Since that game the Lakers have played better, particularly on defense. Dwight Howard had become more active, the offense has been more crisp. The defensive improvement happened again for the most part on Thursday — Los Angeles held the Miami Heat to 40.9 percent shooting in the first half, plus Kobe Bryant and teammates hit key shots down the stretch and tied the game 90-90 with 2:30 left.

But that’s when the Heat put it in another gear — one of defensive pressure and good execution of their sets — that the Lakers simply could not match. Not even close.

Miami looked like a champion, closed the game on a 9-0 run behind five points and two assists from LeBron James and won 99-90.
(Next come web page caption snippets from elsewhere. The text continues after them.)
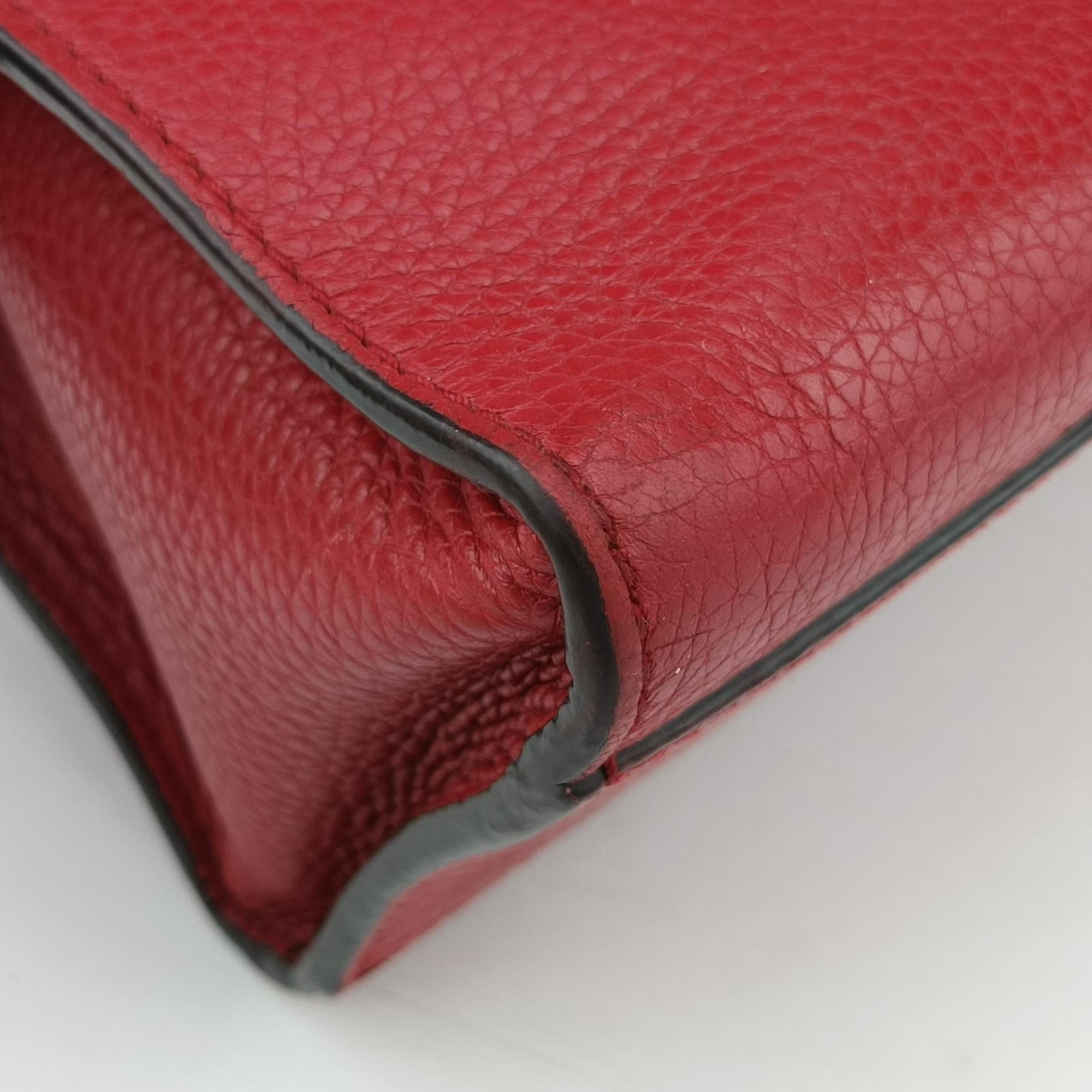 Vintage Gucci GG Marmont Red Leather 442622 shoulderbag | stylenewstar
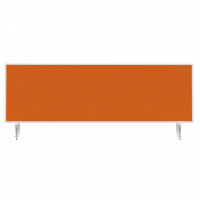 magnetoplan VarioPin table partition, 800 x 500mm (W x H), felt grey Whiteboard / Filz Orange / 1600x500mm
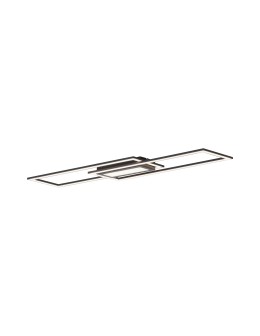 Leuchten Direkt Asmin Elongated Ceiling 100cm 3 Lighting Modes Adjustable Plain Wall Switch Black 14694-18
The Lakers looked like a team that could once again not overcome their self-inflicted wounds.

The game was a reminder that when the Heat are focused on defense they are more than just contenders, they are the reigning title holders and you are going to have to rip that trophy from their hands if you want it. They still have the best player in the game in LeBron James.

It also was a reminder that the Lakers limitations as they get to know each other. It was a moral victory for a 17-22 team that is past the point of having time for moral victories. They need actual ones and they are going to have to get a bunch on the road (10 of next 13 are away from Staples).

LeBron had a “might want to think about making me MVP again” type game with 39 points on 17-of-25 shooting, 7 rebounds, 8 assists and three steals thrown in for good measure. He had 10 of those points in the fourth quarter and hit the dagger shots down the stretch. Kobe Bryant was good (22 points but on 8-of-25 shooting with six turnovers) but LeBron switched on to him defensively near the end and made Kobe’s life very difficult.

Early on, it felt like this could be a Heat runaway — Miami’s first eight points came off four Lakers turnovers and four Heat highlight transition dunks. The Lakers wanted to move the ball quickly, away from the Heat’s pressure, but the result was rushed and errant passes.

The trend continued. Los Angeles had 9 first-quarter turnovers, 16 for the half and 20 for the game. It plays right into the Heat’s hands — easy transition buckets fuel the Heat. LeBron started 7-of-9 from the floor and 14 points before he sat the first time. Miami had 13 steals at half (Chris Bosh had five by himself). Steve Nash had four first-half turnovers under intense Heat ball pressure (they went hard at him).

But Miami never pulled away. The Lakers made a few shots, got a couple of stops and hung around, and eventually they caught and passed the Heat, leading 45-44 at the half.

The reason is the book on the Heat is right — size can give them trouble. The presence of Dwight Howard and Pau Gasol (returned from a concussion) forced Miami away from its preferred small-lineups and three point shooting for a while. When Miami did go small they struggled a little with their shooting. Miami had no good answer for Howard, but the Lakers only got him four first-half shots.

The problem is Howard only got 7 shots, finishing with 13 points. The Lakers didn’t go to their strength.

The game remained close in the second half, with the Heat taking little leads and the Lakers making runs to get back in it. The last of those included a Steve Nash three, then a vintage Kobe three coming off a baseline screen. That shot tied the game at 90-90 with 2:32 left.

It was the last points the Lakers would score — Miami has switched to put LeBron on Kobe, Dwyane Wade on Steve Nash, and fouling Dwight Howard before he shot. It worked.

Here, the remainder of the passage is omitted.